= Gawęda =

Polish literary genre

Gawęda (/pl/) is a genre of Polish oral folklore, as well as an epic literary genre of works stylized as an oral tale, characterized by freedom of composition, rich in digressions, and written in language close to colloquial language. The word literally means "oral tale".

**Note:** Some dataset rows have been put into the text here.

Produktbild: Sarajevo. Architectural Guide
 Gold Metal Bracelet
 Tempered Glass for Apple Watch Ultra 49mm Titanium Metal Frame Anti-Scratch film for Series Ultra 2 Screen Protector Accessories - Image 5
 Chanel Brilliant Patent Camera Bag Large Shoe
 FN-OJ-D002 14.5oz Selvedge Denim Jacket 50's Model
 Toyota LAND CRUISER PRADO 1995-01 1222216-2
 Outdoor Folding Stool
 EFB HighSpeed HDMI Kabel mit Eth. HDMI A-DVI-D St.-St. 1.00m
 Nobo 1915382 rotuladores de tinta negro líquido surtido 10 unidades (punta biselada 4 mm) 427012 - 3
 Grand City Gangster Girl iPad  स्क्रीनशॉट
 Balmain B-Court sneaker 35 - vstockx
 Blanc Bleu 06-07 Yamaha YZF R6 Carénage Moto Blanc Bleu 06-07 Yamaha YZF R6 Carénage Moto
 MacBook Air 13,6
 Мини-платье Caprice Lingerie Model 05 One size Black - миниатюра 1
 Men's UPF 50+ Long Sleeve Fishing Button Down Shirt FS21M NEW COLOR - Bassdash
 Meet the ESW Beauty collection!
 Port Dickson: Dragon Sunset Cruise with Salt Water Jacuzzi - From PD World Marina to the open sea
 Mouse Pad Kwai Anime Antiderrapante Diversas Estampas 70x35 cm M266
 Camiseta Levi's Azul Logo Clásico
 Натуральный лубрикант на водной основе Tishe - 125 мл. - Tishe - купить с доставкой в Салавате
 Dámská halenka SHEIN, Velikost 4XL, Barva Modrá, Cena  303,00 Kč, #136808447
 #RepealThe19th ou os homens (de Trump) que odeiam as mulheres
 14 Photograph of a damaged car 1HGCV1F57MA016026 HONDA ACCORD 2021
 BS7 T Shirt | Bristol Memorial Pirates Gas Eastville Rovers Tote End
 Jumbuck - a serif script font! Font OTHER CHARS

Melchior Wańkowicz is recognized as a 20th-century representative of the gawęda style, as exemplified by his autobiographical coming of the age novel Tędy i owędy ("Here and There").

==Gawęda szlachecka==

During the Romantic period, in the first half of the 19th century, the literary genre, the "szlachta gawęda" (gawęda szlachecka) developed. It told of the lives and manners of the nobility, affirming the Sarmatian world of values. The leading author in this genre was Henryk Rzewuski (Pamiątki Soplicy—Memoirs of Soplica, 1839–41). Other authors in this line included K. Gaszyński (Kontuszowe pogadanki—Kontusz Chats), Władysław Syrokomla (Urodzony Jan Dęboróg—Jan Dęboróg), Wincenty Pol (Wieczór przy kominku—An Evening by the Fire), A. Gorczyński, K.W. Wójcicki, and Ignacy Chodźko (Pamiętniki kwestarza—Memoirs of a Collector for Charity).

Gawęda elements may be found in works by Adam Mickiewicz (Pan Tadeusz), Juliusz Słowacki (Preliminaria peregrynacji do Ziemi Świętej JO. księcia Radziwiłła Sierotki—Preliminaries to the Peregrination to the Holy Land of Prince Radziwiłł the Orphan), and in Henryk Sienkiewicz's Trilogy. The szlachta gawęda played a great role in the development of the Polish historical novel.